Occasionally finding those broken pieces of glass among the stones, boundaries of the past shattered by people within the garden, ones that I cannot remove. Those that have become gnarled oaks and knotted maples, space taken, but steady, adapted to the space and the area. As I stand, the grass soft beneath my feet, the sunshine of peace begins to break the clouds of doubt. The fear of being ‘too much’ receding slowly, ebbing and flowing with the breaths in the garden.
The sun’s warmth ebbs as it strains through the clouds smothering it, a chill going down my spine, as the guilt bites at my ankles like a silly puppy. The hollow gnawing sensation that sets me to work in the garden, tending to my plants, the gnarled oak and knotted maple watching stoically from the sides as the work goes on. A panicked purpose settling in my hands as the work progresses, analyzing each plant and rock, seeing all the images of choices I made both good and bad rushing back to me as though I had made them yesterday. The fear that as I make these boundaries, my garden will rise in revolt and say that I am watering it too often, that I partake in its peace too frequently. That fear of the garden betraying me, my inner sanctum rising against me in revolt, is the emotional cost of tending the garden at all.
The sun peeks out again as breath shatters panic, the hope of maintaining returning. The peace that the plants evoke, ever shifting and forever forgiving, the sturdy steadiness of the oak and the maple. And the hands find peace, lying still for a moment as the panic fades and peace returns to the space.
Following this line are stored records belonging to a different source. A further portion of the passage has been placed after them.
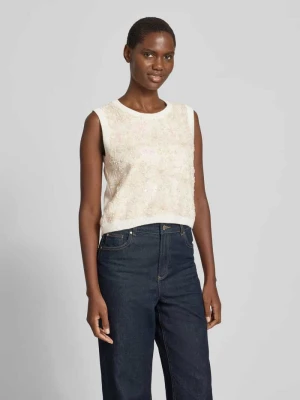 Bluzka z dzianiny z okrągłym dekoltem MORE & MORE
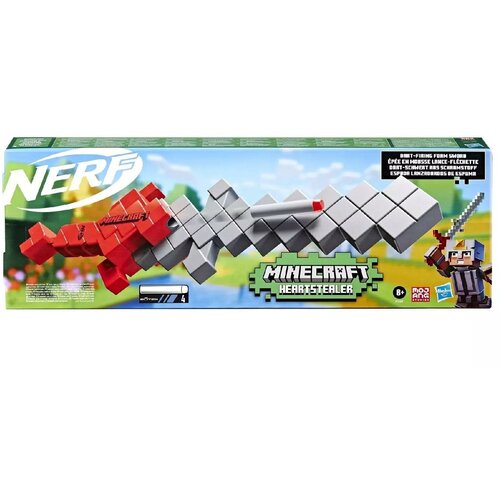 Nerf Игровой набор Hasbro Nerf Minecraft Бластер Heartstealer F7597 hasbro дарт бластер nerf minecraft ender dragon
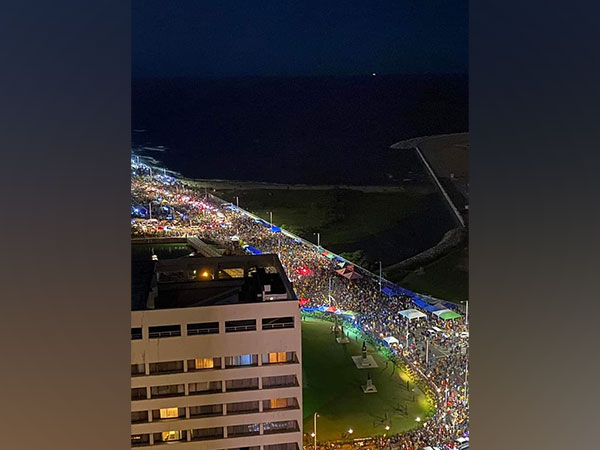 Massive protest erupted in heart of Colombo amid economic crisis (Photo Credit: Jamila Husain)
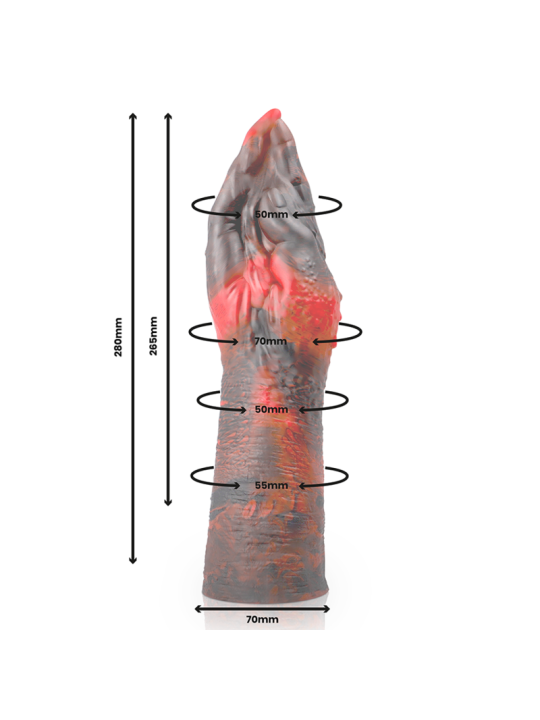 EPIC LILITH DILDO DEMONIO MALIGNO L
A thing learned over time, from my mom and dad, my oak and my maple, is the recognition that the garden is yours to tend, and the tending of it is an act of love. It seems to be bursting from me at the seams and yet I find only failing ways to express that love, the gnawing worry that I don’t express it enough, that plants may lie ignored and trampled around the garden. The effort it takes, to give myself the space to return to those without guilt, to check in and see if there is something to be done to save the relationship. Though some may wither and die, others will flourish and bloom, in unexpected and exciting ways that change the garden as a whole. The work, emotional and otherwise, loads the garden apron with even more tools and yet with confidence I can move freely in the space of the inner sanctum. Unlearning the omens that I see written across the mulch and dirt. That the garden will rise up. Understanding that this is a learned fear, not writing in the sky of things to come. Yet another rock unearthed from the garden. The peace and respite I give myself as I sit on the iron chair looking out, breathing softly, water refreshing me.
A sigh, I slap my knees, and stand. The sun shines once more on the garden, the guilt asleep within the plants and bushes. I will keep tending.